**THE TASK**
Write out the full listing exactly as given, minus the images.

**SUPPLIED MATERIAL**
============================================================
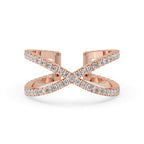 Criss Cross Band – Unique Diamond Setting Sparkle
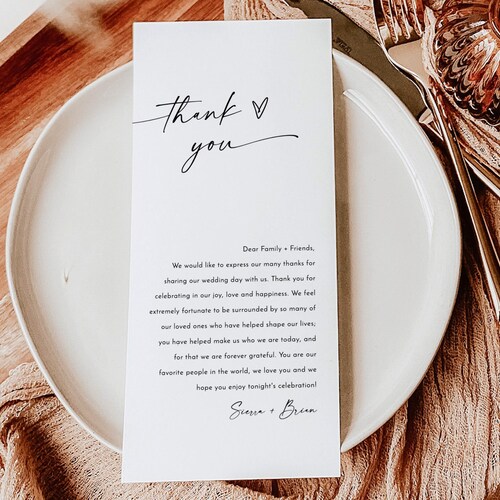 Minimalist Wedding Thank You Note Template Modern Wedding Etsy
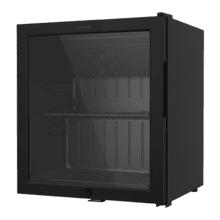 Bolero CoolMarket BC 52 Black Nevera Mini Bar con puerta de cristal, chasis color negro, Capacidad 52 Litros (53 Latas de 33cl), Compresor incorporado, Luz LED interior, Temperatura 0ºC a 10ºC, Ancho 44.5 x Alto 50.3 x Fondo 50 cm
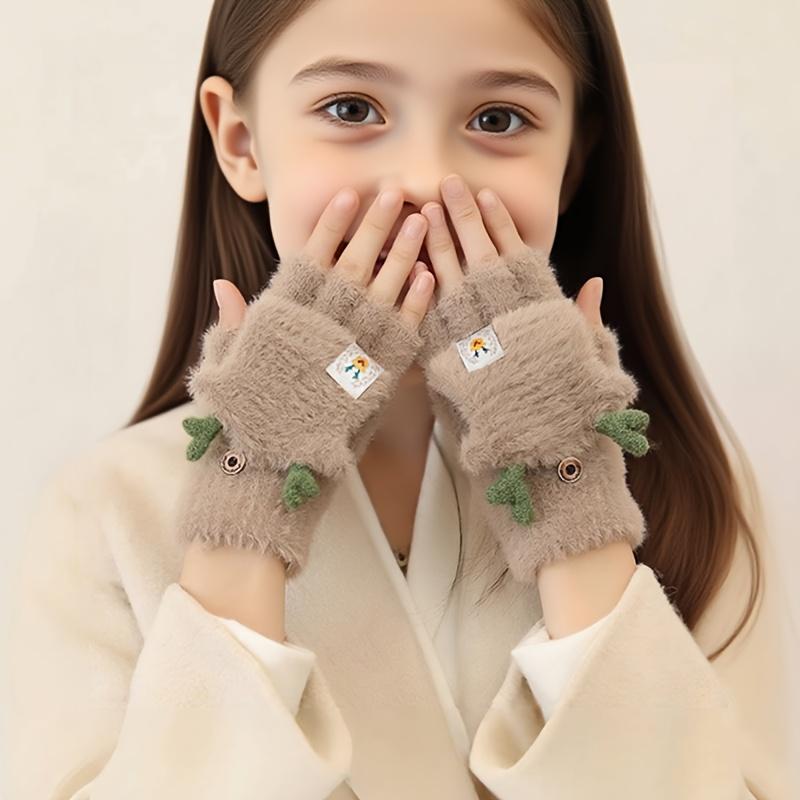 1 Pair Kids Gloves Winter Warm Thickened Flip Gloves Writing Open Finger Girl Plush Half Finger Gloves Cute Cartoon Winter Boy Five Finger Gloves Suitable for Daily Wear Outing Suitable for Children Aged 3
============================================================
**COMPLETED EXERCISE**
 Criss Cross Band – Unique Diamond Setting Sparkle
 Minimalist Wedding Thank You Note Template Modern Wedding Etsy
 Bolero CoolMarket BC 52 Black Nevera Mini Bar con puerta de cristal, chasis color negro, Capacidad 52 Litros (53 Latas de 33cl), Compresor incorporado, Luz LED interior, Temperatura 0ºC a 10ºC, Ancho 44.5 x Alto 50.3 x Fondo 50 cm
 1 Pair Kids Gloves Winter Warm Thickened Flip Gloves Writing Open Finger Girl Plush Half Finger Gloves Cute Cartoon Winter Boy Five Finger Gloves Suitable for Daily Wear Outing Suitable for Children Aged 3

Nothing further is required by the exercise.